The Sea Girt kitchen is abuzz this weekend and dessert is the feature. (when isn’t it)
Cindy Depice and cousin Kate Mundell passed on their creations.
- Cindy’s Blueberry Pie
- Kate’s Brown Butter Cookies
Marilyn’s Blueberry pie (made by Cindy)
Pastry for 1 9” pie crust, baked until golden brown
1 egg white
4 cups blueberries, sorted and cleaned
½ cup water
2 tablespoons cornstarch
2 tablespoons water
½ cup sugar
2 tablespoons lemon juice
Topping: crème fraiche or whipped cream or ice cream
Cool the baked crust slightly, then brush inside with egg white. If any solidifies and
turns white, quickly wipe away with a paper towel. Set aside.

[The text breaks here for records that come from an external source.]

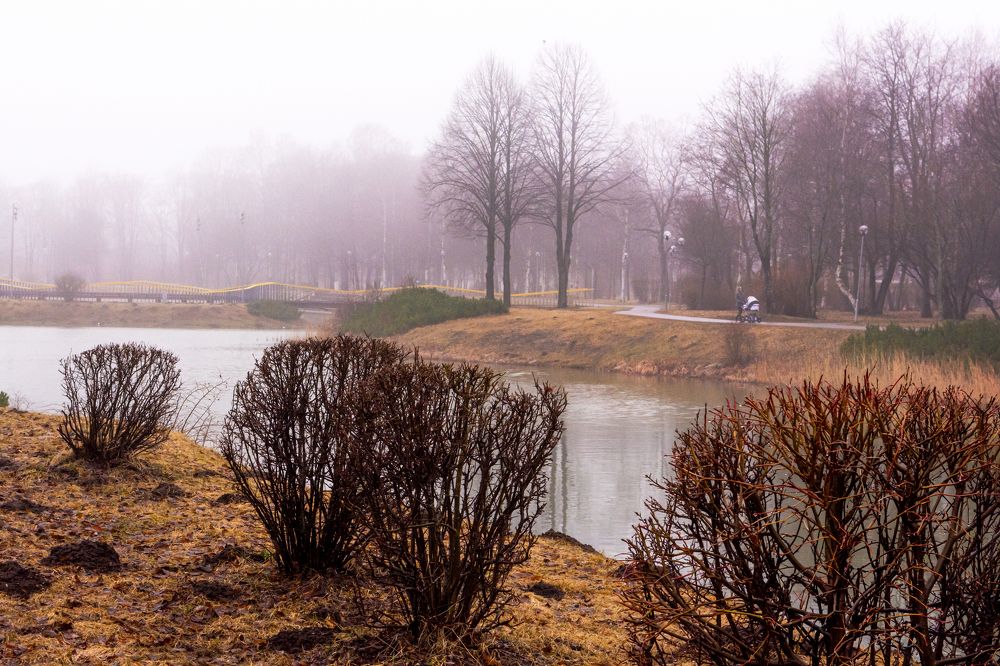 Городской парк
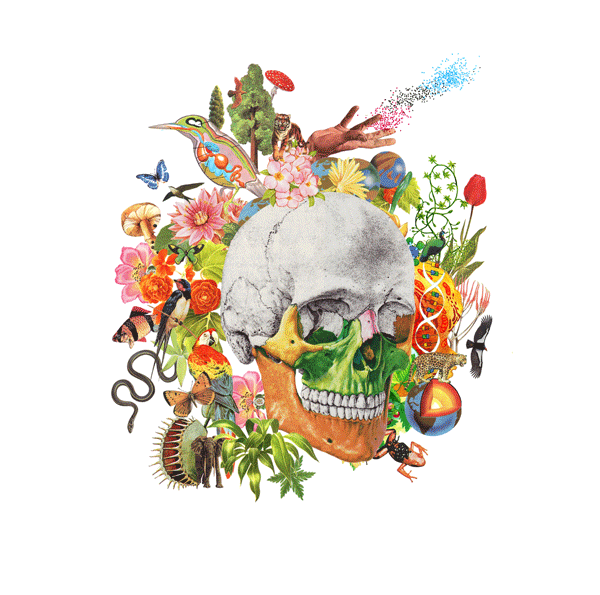 newcomplexskullbwfacepaintnature.gif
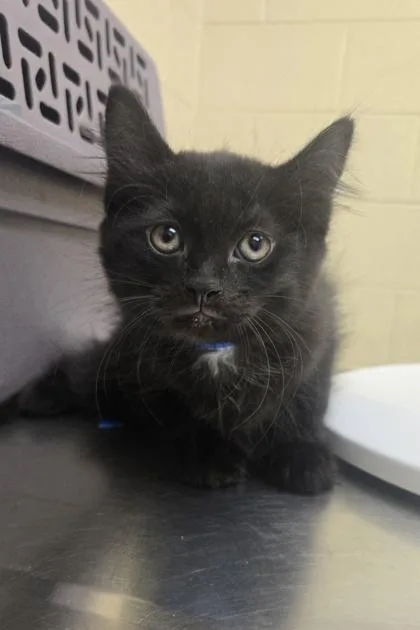 A baby small-sized male Domestic Short Hair cat named Malt for adoption in Westland, MI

Place 3 cups of berries in a mixing bowl and set aside.Place remaining blueberries
in a saucepan with ½ cup water and bring to boil. Simmer 3-4 minutes.
In a separate bowl, mix cornstarch and 2 tablespoons water until smooth.
Add the cornstarch mixture, ½ cup sugar and lemon juice to saucepan and stir until the sauce thickens, about 1 minute. Pour the hot sauce over the fresh blueberries and stirgently until all the berries are coated. Pour blueberries into pie shell and let the pie set up for 2 hours at room temperature.
Serve with crème fraiche, whipped cream or ice cream.
This pie will keep for 2 days but is best the day it is made.
Brown Butter Chocolate Chip Cookies
1 c ( 2 sticks ) unsalted butter
1 1/4 c packed light brown sugar
1/2 c granulated sugar
1 large egg
1 large egg yolk
2 1/4 c flour
1/2 tsp baking soda
1/2 tsp salt
1 tsp vanilla extract
1 1/2 c semi-sweet chocolate chips
Line a cookie sheet with parchment paper, foil or silpat. Set aside.
Place butter in a medium saucepan and brown. My tip on browning butter: set the heat to medium and let the butter melt; it will be splattering so you may want to put the lid on but leave a small crack open; you can swirl the saucepan once in a while; as soon as the butter calms down and the noise dies down – start watching the butter, it will brown quickly from this point; the nutty fragrance and dark brown color is what you want.
Take of the heat and let cool for few minutes.
To distract yourself, place egg and egg yolk in a small measuring cup and slightly beat with a fork. Set aside.
In a medium mixing bowl, whisk together the dry ingredients ( flour, soda and salt ). Set aside.
Pour the butter in a large mixing bowl and let cool few more minutes. Add brown sugar and granulated sugar and mix on low or “stir” ( for those with standing mixers ).
Add the eggs and vanilla and mix until smooth, about 1 minute.
Now switch to a wooden spoon or a spatula. Add the dry ingredients all at once, following by the chocolate chips. Now gently fold it all in, until a uniform dough form. It will be quite dry and crummy. Place the dough in the fridge for 1 hour.
Preheat your oven to 350 degrees.
Scoop the dough out with a cookie scoop or a tablespoon and roll into a ball in your hands. Place on a prepared cookie sheet.
Bake for 5 minutes, pulled it out, flatten the cookies with the back of a metal spatula and return to the oven.
Bake additional 5 – 6 minutes. Cool on a sheet for 1 minute and transfer to a wire rack to cool completely.